4. The Wayne Swan error*

Ever wondered why the government’s budget always seems to blow out? Here’s why. Say the government projects that next year’s budget will balance, with a 2% margin of error and 95% confidence. This means that there is a 95% chance that budget will be within 2% of a balanced budget (a pipe dream right now, I know).

In reality, it is almost impossible that the budget will come in below the projection — as once allocated money to spend, very few (if any) government departments will choose not spend it. On the other hand, it is quite likely that the budget will blow out, as government departments have many unforeseen expenses. So there is not so much a 95% chance that the budget will be within 2% of balanced, there is a 95% chance that there will be a deficit of 2% or less, and a 5% chance of a deficit of over 2%. I like to call that the “Wayne Swan error”, after the former Australian Treasurer who seemed to manage to blow out the budget every year that he was in office (it is also fast becoming the “Joe Hockey error”).


Getting to the point

The reason I don’t think that climate change is so bad is that the predictions that I have seen of the impact of climate change fall into all of the above traps, along with an unhealthy dose of confirmation bias. Arctic sea ice at record lows? We’re doomed! Arctic sea ice at record highs? We’re still doomed!

Remember Professor Tim Flannery? The “climate expert” who predicted unending drought when we had a drought, then unending floods when we had floods? My point exactly.

Even the most respectable science journals make outlandish predictions about mass-extinctions, rising sea levels, and economic misery based on people trying to predict the future from past averages and assuming that they understand complex systems.

Their predictions are constantly wrong. It turns out that nature is a lot more robust than we give it credit for. We forget that life on Earth has not been eliminated despite ice ages, periods of warming, super-volcanoes, floods, hurricanes, earthquakes, and everything else that nature throws at us. I seriously doubt that the atmosphere warming a couple of degrees will mean the end of the world as we know it.

Further, as a result of nature being more robust than we think, as well as humanity’s propensity for alarmism, climate scientists’ projections are subject to the “Wayne Swan error”-style second order effects that I was talking about earlier.

Scientific papers wrongly predicting the end of the world are much more likely to be published than ones predicting that everything will carry on the way it has in the past, and are much more likely to attract attention once published. Also, scientists are more likely to miss mitigating factors than exacerbating ones, and therefore overestimate both global warming and its effects. We know what causes warming — greenhouse gas levels — but not what mitigates it. Accordingly, our measurements of warming are biased towards warmer rather than cooler, and our projections are biased towards “worst case” rather than “best case” scenarios.
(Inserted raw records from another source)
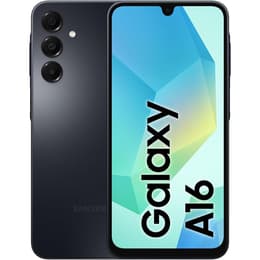 Galaxy A16 128GB - Čierna - Neblokovaný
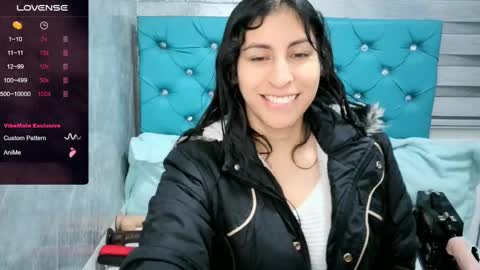  Mary Moon  online show from January 9, 2025, 11:03 am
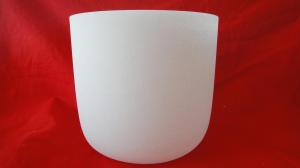 China White Opaque Quartz Crucible Silica Crucible Milky Quartz Crucible on sale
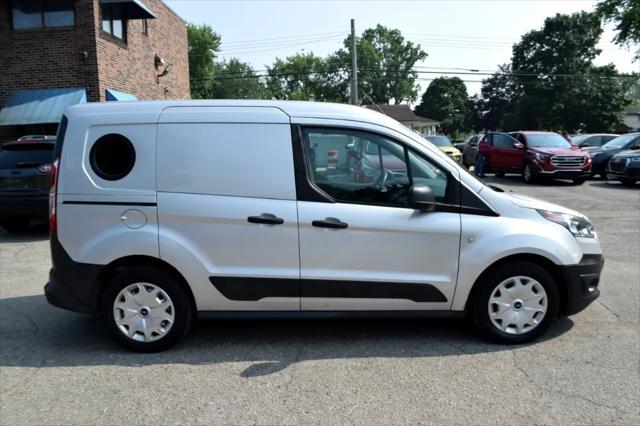 used 2015 Ford Transit Connect car, priced at $12,995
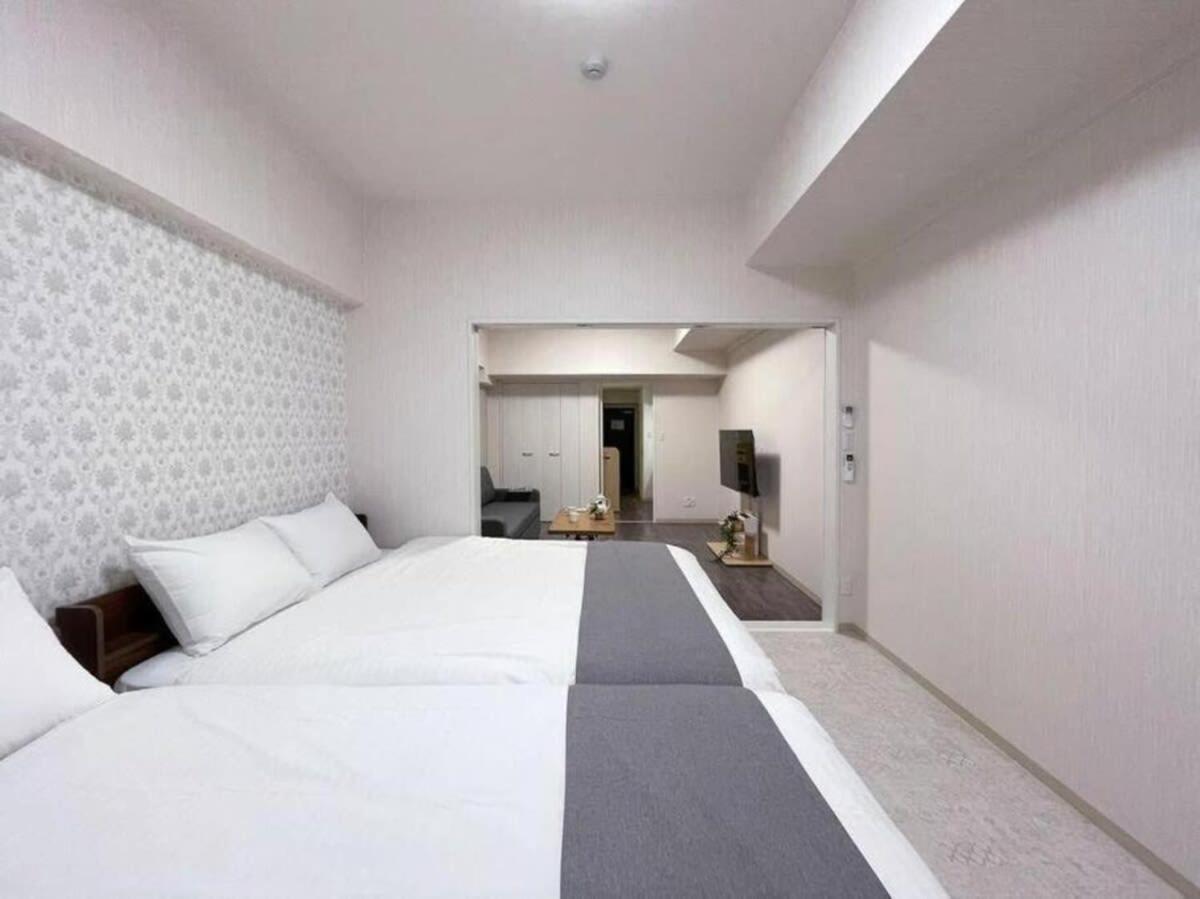 Casaen - Cozy 1Br Apt Near Hondori District For 6 Ppl Хіросіма Екстер'єр фото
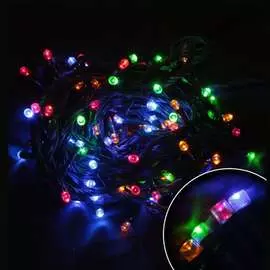 Светодиодная электрогирлянда Волшебная страна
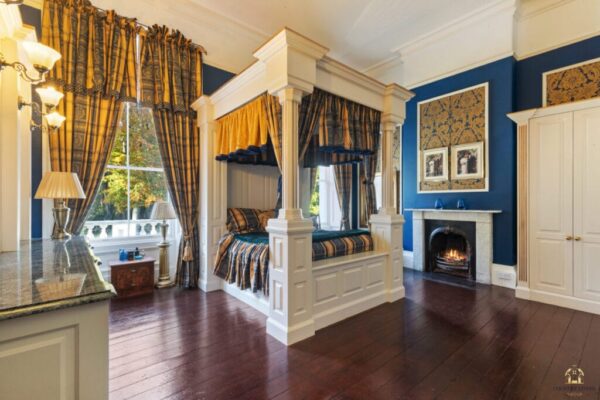 Penylan Mansion, SA43 2QR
The biggest problem with the way we think about projections is that people are not held to account for getting it wrong. Climate forecasts made 20 years ago have proven woefully inaccurate, yet they are somehow touted as being correct. A couple of years ago, the IPCC released a report saying how accurate their 1990 projections were, and headlines around the world said “climate predictions come true”, when what had in fact happened was that the world had consistently warmed more slowly than the IPCC’s projections, but (big woop!) the warming had been within the range that the IPCC predicted. See this graph:

Now, remember that the predictions were made in 1990. Notice how the model “predicts” that temperatures before 1990 (which would have been factored into the model) would be roughly evenly distributed around the middle line, but that temperatures since 1990 (which obviously were not known when the projections were made) have been consistently below that line.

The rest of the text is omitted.